D’accord. Sauf que la petite phrase en question n’était évidement pas à prendre au premier degré.  « Même pape je peux le faire » : arrêtez de fantasmer sur des scénarios qui sont hypothétiques, ne me posez pas des questions sur du sable. Une petite ironie, mi-amusante, mi-cinglante comme le libéral en a l’habitude, sauf que cette fois il mettait en boite son interlocuteur et s’amusait de lui-même par la même occasion. Le problème de l’ironie c’est qu’à moins de fournir le mode d’emploi dans la phrase suivante on est pas certain qu’elle soit comprise. Au final cette interview, si on veut l’analyser vraiment,  est plutôt un terrible aveu de faiblesse de Didier Reynders : il a postulé pour une fonction qu’il n’est pas sûr d’obtenir, il a la trouille de quitter le monde politique parce qu’il ne sait faire que cela, il ne sait pas ce qui l’attend après les élections et son destin ne dépend plus de lui.
De la déferlante des moqueries qui ont suivi on se dira qu’elles étaient de mauvaise foi ou que leurs auteurs ne sont pas aptes à comprendre du second degré. Ce serait sans importance si elle ne participait pas à un appauvrissement sans fin du débat politique ou de son analyse.  Bien sûr Didier Reynders paye ici pour une image personnelle qui  ne date pas d’hier : celle d’une certaine suffisance et d’une  grande intelligence plus souvent mise au service de l’ambition personnelle que de l’intérêt collectif.
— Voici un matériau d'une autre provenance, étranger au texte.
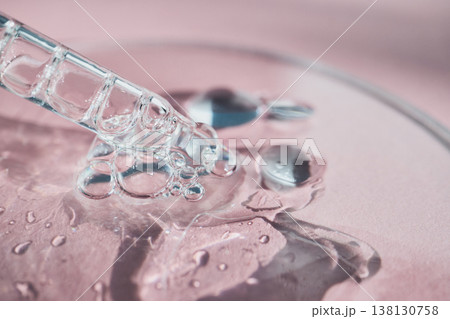 Pipette drawing clear liquid creating bubbles on pink surface Pipette drawing clear liquid creating bubbles on pink surface 138130758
Peut-être. Sauf que pas là. Vraiment pas là. Pour interpréter cette phrase comme elle le fût il ne fallait vraiment pas lire l’article avec le minimum d’honnêteté intellectuelle requis. L'ironie il faut de l'intelligence pour en faire et de l'intelligence pour la comprendre.
Nous approchons des élections. Un peu de finesse (intellectuelle) dans un monde de brutes ne ferait pas de tort. Prendre le temps de lire les interviews pour ce qu’ils disent vraiment avant de flinguer gratuitement les orateurs  non plus. 


1 commentaire:

Luc Gochel a dit…

Très juste analyse, signe d'un appauvrissement généralisé de tout débat suite à l'omniprésence, l'omnipuissancedes réseaux sociaux. Triste!